A bill meant to address the rise of hate crimes and violence against Asian Americans during the coronavirus pandemic advanced in the U.S. Senate on a bipartisan vote on Wednesday — but its future remains murky, given tepid support from Republicans.

The legislation, introduced by Sen. Mazie Hirono (D-Hawaii) and Rep. Grace Meng (D-N.Y.), would expedite a federal review of coronavirus-related hate crimes, expand public reporting of such incidents, and provide guidance detailing best practices to “mitigate racially discriminatory language in describing the COVID–19 pandemic.”

The vote to begin debate on the measure was 92-6.

Republicans only backed the initial vote on the condition they would have an opportunity to offer amendments. Their continued support will ultimately depend on whether top Senate leaders can agree on which amendments the chamber will consider in the coming days.

“In consultation with the Republican leader, we can work out an agreement on other germane, non-gotcha amendments to the bill if senators have them,” Senate Majority Leader Chuck Schumer (D-N.Y.) said in a floor speech on Wednesday. “We should be able — and should really try in earnest — to reach a final resolution and pass the bill through the Senate very, very soon.”

One amendment with bipartisan support is being offered by Sen. Richard Blumenthal (D-Conn.) and Jerry Moran (R-Kansas). Their bill, called the No Hate Act, would train law enforcement on investigating hate crimes, create a hate crimes hotline, and establish programs to rehabilitate perpetrators.

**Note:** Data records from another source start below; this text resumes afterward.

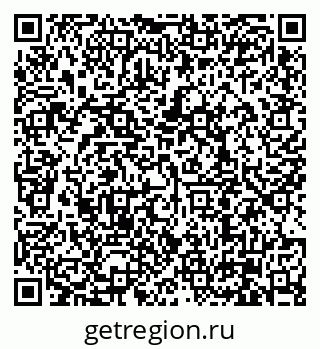 79630008774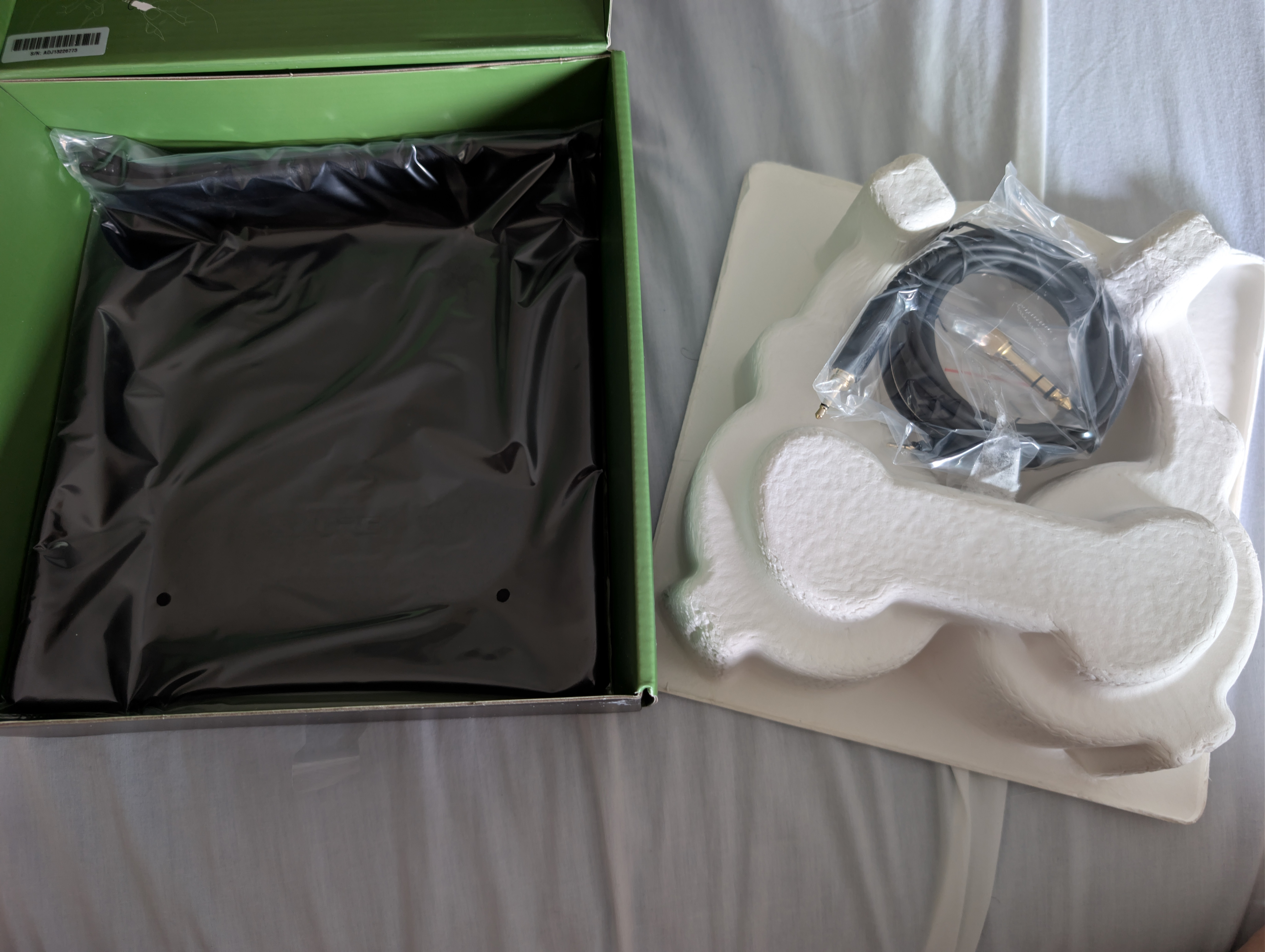 SHURE 840A STUDIO HEADPHONES FOR SALE - photo 5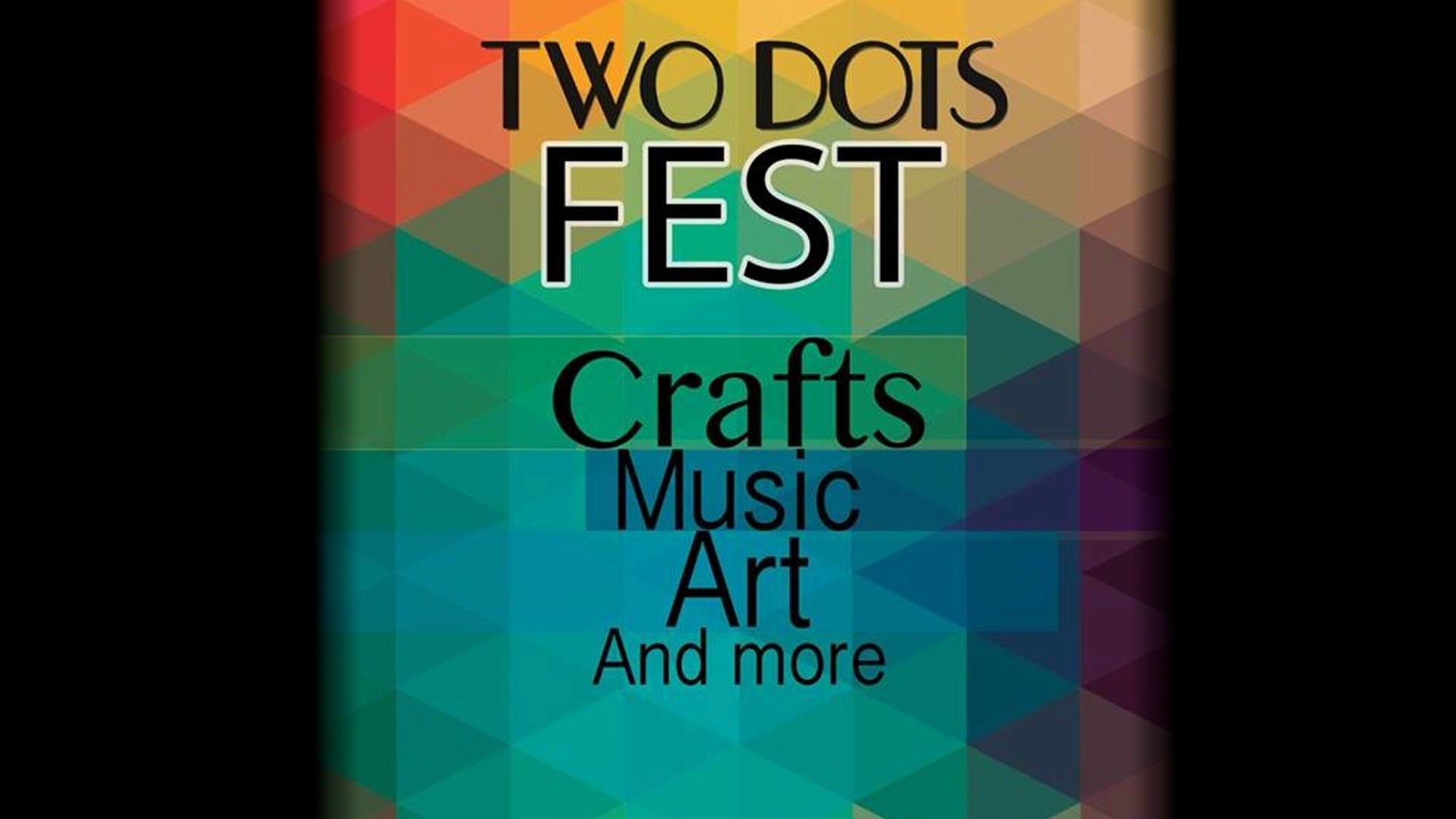 Two Dots Fest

Unlike the Blumenthal-Moran measure, however, Hirono’s bill includes specific references to COVID-19, a definition some GOP senators would like to broaden.

“It seems to say the hate crime has to be linked to COVID, which is rather odd,” Sen. Susan Collins (R-Maine) said Tuesday when asked about the measure.

Other Republicans, meanwhile, have expressed concerns about a provision in Hirono’s bill that would offer guidance to states on how to “mitigate racially discriminatory language.” Controversial amendments, if offered, could ultimately sink the bill.

Hirono said Republicans have offered 20 amendments so far, though all aren’t likely to receive a vote.

“Some of them have absolutely nothing to do with the bill,” she said on Wednesday.

The Hawaii senator indicated her willingness to make changes to her bill, but she defended the reason why it was introduced ― namely, the rise of hate crimes against Asian Americans that accelerated under former President Donald Trump.

“It really came to the fore during COVID-19 and having a president calling it a ‘China virus,’ so I think it led to an increase in these kinds of attacks. That’s why there’s that framing to remind us, how did this happen?” Hirono said.